» **Dataset records**
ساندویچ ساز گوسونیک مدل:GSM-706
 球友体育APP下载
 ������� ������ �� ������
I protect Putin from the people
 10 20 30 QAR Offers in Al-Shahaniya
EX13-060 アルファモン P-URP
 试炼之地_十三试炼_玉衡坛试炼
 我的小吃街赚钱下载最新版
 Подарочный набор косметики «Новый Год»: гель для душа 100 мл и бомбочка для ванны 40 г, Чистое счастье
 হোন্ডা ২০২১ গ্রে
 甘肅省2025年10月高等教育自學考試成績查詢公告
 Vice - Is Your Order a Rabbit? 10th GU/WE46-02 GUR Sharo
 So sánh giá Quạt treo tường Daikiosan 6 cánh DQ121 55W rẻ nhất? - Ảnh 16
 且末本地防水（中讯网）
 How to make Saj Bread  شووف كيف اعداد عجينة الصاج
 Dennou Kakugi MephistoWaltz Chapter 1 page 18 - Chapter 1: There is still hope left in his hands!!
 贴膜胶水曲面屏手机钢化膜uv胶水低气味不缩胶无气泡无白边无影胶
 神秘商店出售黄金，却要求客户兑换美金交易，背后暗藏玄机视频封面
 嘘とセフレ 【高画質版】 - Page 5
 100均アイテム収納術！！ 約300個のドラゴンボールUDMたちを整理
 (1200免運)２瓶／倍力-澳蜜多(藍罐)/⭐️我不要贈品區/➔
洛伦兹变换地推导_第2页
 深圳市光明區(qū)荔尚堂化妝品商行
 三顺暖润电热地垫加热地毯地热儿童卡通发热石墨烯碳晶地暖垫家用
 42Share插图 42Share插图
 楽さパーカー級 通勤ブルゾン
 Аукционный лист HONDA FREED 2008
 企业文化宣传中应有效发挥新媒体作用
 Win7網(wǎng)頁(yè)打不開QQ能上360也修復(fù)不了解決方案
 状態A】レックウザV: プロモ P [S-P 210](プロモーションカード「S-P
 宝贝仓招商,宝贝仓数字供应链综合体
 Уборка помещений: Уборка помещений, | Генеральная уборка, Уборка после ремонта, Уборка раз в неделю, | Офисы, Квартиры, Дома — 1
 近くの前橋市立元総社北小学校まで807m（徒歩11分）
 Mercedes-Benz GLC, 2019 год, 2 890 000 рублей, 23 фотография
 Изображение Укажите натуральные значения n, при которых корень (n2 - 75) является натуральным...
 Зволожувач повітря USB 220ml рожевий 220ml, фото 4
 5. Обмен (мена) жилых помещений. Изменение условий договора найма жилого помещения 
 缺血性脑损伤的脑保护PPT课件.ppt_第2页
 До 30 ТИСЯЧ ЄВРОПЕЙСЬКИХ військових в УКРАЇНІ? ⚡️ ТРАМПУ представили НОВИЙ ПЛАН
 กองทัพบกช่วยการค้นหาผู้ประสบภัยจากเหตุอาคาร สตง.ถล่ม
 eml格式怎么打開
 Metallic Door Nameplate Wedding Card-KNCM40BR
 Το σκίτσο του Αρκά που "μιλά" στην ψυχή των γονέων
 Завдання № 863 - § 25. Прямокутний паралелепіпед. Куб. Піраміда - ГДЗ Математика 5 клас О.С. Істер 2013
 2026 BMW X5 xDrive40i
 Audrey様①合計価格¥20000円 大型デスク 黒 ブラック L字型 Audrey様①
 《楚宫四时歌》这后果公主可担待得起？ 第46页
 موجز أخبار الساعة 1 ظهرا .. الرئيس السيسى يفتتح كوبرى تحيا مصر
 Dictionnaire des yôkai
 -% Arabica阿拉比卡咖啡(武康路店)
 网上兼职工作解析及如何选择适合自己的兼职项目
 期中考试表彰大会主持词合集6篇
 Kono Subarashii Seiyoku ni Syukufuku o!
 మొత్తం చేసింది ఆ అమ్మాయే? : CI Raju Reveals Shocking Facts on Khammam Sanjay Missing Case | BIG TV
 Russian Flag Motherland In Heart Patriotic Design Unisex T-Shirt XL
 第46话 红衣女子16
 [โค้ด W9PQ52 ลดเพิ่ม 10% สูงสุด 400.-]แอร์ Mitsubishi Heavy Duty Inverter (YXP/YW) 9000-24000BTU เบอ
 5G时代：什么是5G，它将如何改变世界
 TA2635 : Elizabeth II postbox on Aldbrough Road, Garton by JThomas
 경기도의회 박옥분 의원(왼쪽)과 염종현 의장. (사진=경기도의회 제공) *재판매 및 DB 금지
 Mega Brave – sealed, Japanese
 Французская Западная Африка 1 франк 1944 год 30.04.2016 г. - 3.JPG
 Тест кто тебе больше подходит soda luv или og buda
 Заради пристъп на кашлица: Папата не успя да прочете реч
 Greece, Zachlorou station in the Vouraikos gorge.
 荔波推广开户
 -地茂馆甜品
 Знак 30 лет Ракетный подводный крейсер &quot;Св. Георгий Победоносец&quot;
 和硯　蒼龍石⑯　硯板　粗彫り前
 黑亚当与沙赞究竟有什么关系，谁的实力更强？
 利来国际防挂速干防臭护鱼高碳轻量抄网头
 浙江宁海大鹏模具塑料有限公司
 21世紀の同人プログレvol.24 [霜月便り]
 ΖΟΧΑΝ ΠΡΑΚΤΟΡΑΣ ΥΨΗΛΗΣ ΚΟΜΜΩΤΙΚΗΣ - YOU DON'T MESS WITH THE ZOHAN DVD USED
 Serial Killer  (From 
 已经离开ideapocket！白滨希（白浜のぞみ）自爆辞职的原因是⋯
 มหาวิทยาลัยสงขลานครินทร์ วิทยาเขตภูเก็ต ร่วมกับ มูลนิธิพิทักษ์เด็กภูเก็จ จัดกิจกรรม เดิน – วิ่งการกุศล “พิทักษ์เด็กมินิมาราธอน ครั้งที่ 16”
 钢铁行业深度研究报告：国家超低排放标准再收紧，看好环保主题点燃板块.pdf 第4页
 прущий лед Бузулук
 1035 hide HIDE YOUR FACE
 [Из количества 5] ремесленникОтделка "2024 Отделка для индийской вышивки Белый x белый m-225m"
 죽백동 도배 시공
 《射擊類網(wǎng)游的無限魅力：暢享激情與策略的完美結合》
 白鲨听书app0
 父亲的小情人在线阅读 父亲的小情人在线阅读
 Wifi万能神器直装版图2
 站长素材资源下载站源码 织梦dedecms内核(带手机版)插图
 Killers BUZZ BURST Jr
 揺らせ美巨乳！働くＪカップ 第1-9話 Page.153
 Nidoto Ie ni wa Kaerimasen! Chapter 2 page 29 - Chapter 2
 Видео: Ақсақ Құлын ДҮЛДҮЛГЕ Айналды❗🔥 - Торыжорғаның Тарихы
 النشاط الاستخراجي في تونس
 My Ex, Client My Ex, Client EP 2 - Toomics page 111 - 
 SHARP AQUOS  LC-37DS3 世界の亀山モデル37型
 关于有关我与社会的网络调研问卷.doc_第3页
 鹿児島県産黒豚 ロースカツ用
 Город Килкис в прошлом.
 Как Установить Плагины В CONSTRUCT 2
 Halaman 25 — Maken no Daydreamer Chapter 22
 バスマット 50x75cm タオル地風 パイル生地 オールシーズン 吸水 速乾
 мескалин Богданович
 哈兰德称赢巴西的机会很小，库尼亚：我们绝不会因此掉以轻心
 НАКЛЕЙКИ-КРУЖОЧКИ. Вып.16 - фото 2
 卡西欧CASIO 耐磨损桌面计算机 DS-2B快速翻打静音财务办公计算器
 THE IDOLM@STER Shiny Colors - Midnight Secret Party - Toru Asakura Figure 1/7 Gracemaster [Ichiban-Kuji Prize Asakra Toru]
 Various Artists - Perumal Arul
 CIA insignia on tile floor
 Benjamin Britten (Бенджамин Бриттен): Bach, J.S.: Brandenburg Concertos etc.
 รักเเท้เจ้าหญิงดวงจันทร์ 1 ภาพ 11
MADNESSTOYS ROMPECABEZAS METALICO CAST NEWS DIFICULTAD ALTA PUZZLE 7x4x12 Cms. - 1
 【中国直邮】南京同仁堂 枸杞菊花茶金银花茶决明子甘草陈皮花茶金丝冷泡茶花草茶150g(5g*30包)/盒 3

» **Exercise instructions**
Print, exactly as written, the first line of the records above and each line after it until the line with "Win7網(wǎng)頁(yè)打不開QQ能上360也修復(fù)不了解決方案", which is printed too.

» **Exercise answer**
ساندویچ ساز گوسونیک مدل:GSM-706
 球友体育APP下载
 ������� ������ �� ������
I protect Putin from the people
 10 20 30 QAR Offers in Al-Shahaniya
EX13-060 アルファモン P-URP
 试炼之地_十三试炼_玉衡坛试炼
 我的小吃街赚钱下载最新版
 Подарочный набор косметики «Новый Год»: гель для душа 100 мл и бомбочка для ванны 40 г, Чистое счастье
 হোন্ডা ২০২১ গ্রে
 甘肅省2025年10月高等教育自學考試成績查詢公告
 Vice - Is Your Order a Rabbit? 10th GU/WE46-02 GUR Sharo
 So sánh giá Quạt treo tường Daikiosan 6 cánh DQ121 55W rẻ nhất? - Ảnh 16
 且末本地防水（中讯网）
 How to make Saj Bread  شووف كيف اعداد عجينة الصاج
 Dennou Kakugi MephistoWaltz Chapter 1 page 18 - Chapter 1: There is still hope left in his hands!!
 贴膜胶水曲面屏手机钢化膜uv胶水低气味不缩胶无气泡无白边无影胶
 神秘商店出售黄金，却要求客户兑换美金交易，背后暗藏玄机视频封面
 嘘とセフレ 【高画質版】 - Page 5
 100均アイテム収納術！！ 約300個のドラゴンボールUDMたちを整理
 (1200免運)２瓶／倍力-澳蜜多(藍罐)/⭐️我不要贈品區/➔
洛伦兹变换地推导_第2页
 深圳市光明區(qū)荔尚堂化妝品商行
 三顺暖润电热地垫加热地毯地热儿童卡通发热石墨烯碳晶地暖垫家用
 42Share插图 42Share插图
 楽さパーカー級 通勤ブルゾン
 Аукционный лист HONDA FREED 2008
 企业文化宣传中应有效发挥新媒体作用
 Win7網(wǎng)頁(yè)打不開QQ能上360也修復(fù)不了解決方案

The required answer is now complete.